The question lingering in investors’ minds now is whether Wingstop will be able to deliver a positive earnings surprise in the quarter to be reported. The Zacks Consensus Estimate for the first quarter is pegged at 20 cents, lower than 22 cents in the year-ago quarter. Of late, the company’s earnings estimates have been stable. In the fourth quarter of 2017, the company’s witnessed earnings growth of 13.3% on a year-over-year basis.  
Meanwhile, analysts polled by Zacks expect revenues of nearly $36.54 million, up more than 37.5% from the prior-year quarter. 

Let’s delve deeper to find out how the company’s top and bottom lines will shape up this earnings season.

Factors at Play

Wingstop sales in first-quarter 2018 are likely to be driven by the company’s relentless focus on menu innovation and unit expansion. This, in turn, is likely drive comparable sales in the quarter to be reported. Moreover, the company’s new POS system that integrates online orders straight to the kitchen is expected to bolster online ordering growth and lead to higher average check.

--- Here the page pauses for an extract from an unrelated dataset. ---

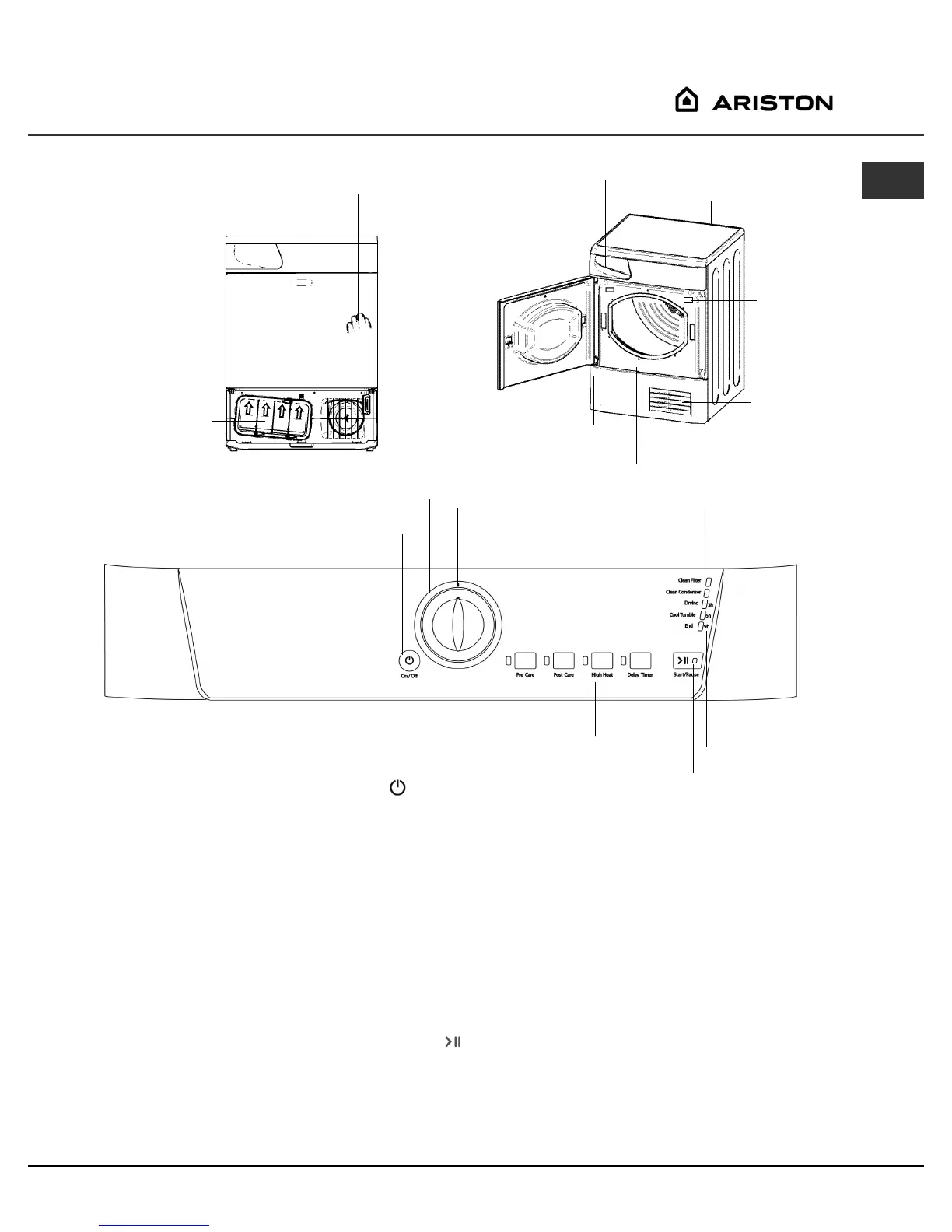 Page #33 background image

Meanwhile, the Zacks Consensus Estimate for the systemwide domestic comps growth in the quarter is pegged at 5.36%, higher than prior-quarter’s growth of 5.2%. The same for the company-owned domestic comps growth in the quarter is pegged at 5.5%, higher than 4.6% in the previous quarter.

Also, the company is relying on continual expansion to boost traffic and sales. In a bid to expand international presence, Wingstop is likely to open restaurant in the UK, France, Panama, Australia and New Zealand. Earlier, it also signed two international development agreements for 110 restaurants across Australia and New Zealand over the next 10 years, and more than 70 restaurants in France for the next 12 years.

However, higher labor costs and expenses related to new openings might dent the company’s profits in the to-be-reported quarter. Notably, in 2017, cost of sales increased 370 basis points to 77.5% from 73.8%, courtesy of 18% increase in commodities rates for bone-in chicken wings.

Wingstop Inc. Price, Consensus and EPS Surprise

Wingstop Inc. Price, Consensus and EPS Surprise | Wingstop Inc. Quote

What Does the Zacks Model Unveil?

Our proven model shows that Wingstop is likely to beat earnings estimates this quarter. This is because the stock has the right combination of two ingredients — a positive Earnings ESP and a Zacks Rank #1 (Strong Buy), 2 (Buy) or 3 (Hold) — for this to happen. You can uncover the best stocks to buy or sell before they’re reported with our Earnings ESP Filter.

Wingstop has an Earnings ESP of +5.66% and a Zacks Rank #3.

Stocks to Consider

Here are a few other stocks from the Restaurant space that investors may consider, as our model shows that they also have the right combination of elements to post an earnings beat this quarter:

Ruth's Hospitality Group, Inc. has an Earnings ESP of +1.70% and a Zacks Rank #1. You can see the complete list of today’s Zacks #1 Rank stocks here.

Jack in the Box Inc. (JACK - Free Report) has an Earnings ESP of +2.33% and a Zacks Rank of 3.

Del Taco has an Earnings ESP of +10.0% and a Zacks Rank #2.